Now that Microsoft's $6 billion purchase of ad powerhouse aQuantive has received the official nod from aQuantive's shareholders, Microsoft is beginning the long process of melding the two companies.
Step one, announced on August 13: Create a new division, the Advertiser and Publisher Solutions (APS) group, reporting directly to Kevin Johnson, president of Microsoft's Platforms & Services unit. Brian McAndrews, the CEO of aQuantive, is the new chief of the APS team.
A few other Softies saw their jobs changed as a result of the realignment:
* Yusuf Mehdi, former Chief Advertising Strategist, is out of the ad business all together. Mehdi is now senior vice president, Strategic Partnerships, "where he will be focused on overseeing international mergers, acquisitions and partnerships; managing strategic accounts; and forging relationships with early stage startups and venture capital firms." Microsoft's new Chief Advertising Strategist is Mike Galgon, an aQuantive co-founder.

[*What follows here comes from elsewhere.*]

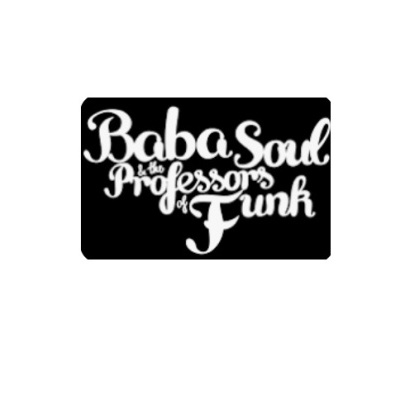 Logotipo branco em fundo preto com texto 'Baba Soul & the Professors of Funk'.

* Satya Nadella remains Corporate Vice President, Search & Advertising Platform Group. But it's the APS team that now has the responsibility for building and marketing all ad platforms, including adCenter, which had been Nadella's domain. (I've asked Microsoft for further details on where adCenter development resides.

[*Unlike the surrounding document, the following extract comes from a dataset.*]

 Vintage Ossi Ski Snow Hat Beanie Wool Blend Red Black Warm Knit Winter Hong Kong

Stay tuned. Still no word from Microsoft, but Update: A Microsoft spokesman says adCenter stays with Nadella. Howeer, the Seattle Post-Intelligencer has an update: "Satya Nadella, who oversees Microsoft's Search & Advertising Platform Group, will also be part of McAndrews' Advertiser and and Publisher Solutions Group leadership team, and some Microsoft product planning and product management groups will also join McAndrews' group.") Hmmmm....
* Steve Berkowitz, the former Ask CEO who is still listed as the Senior VP in charge of Microsoft's Online Services Business, In that role, Berkowitz has been responsible for "all of the marketing, sales and business development related to Microsoft's online services, including MSN.com and Windows Live." His new responsibilities, as of August 13, are described as responsibility for "Microsoft’s 'audience' business and for delivering great end-user online services that attract users and deepen customer engagement," specifically the MSN.com portal, Windows Live services and Live Search.
These latest moves and changes follow a number of Windows Live reassignments Microsoft made on July 1, the start of its new fiscal year. At this point, there are fewer and fewer of the old MSN/online services guard still leading Microsoft's Online Services Business. Guess it's time for a fresh start for Microsoft, the advertising company.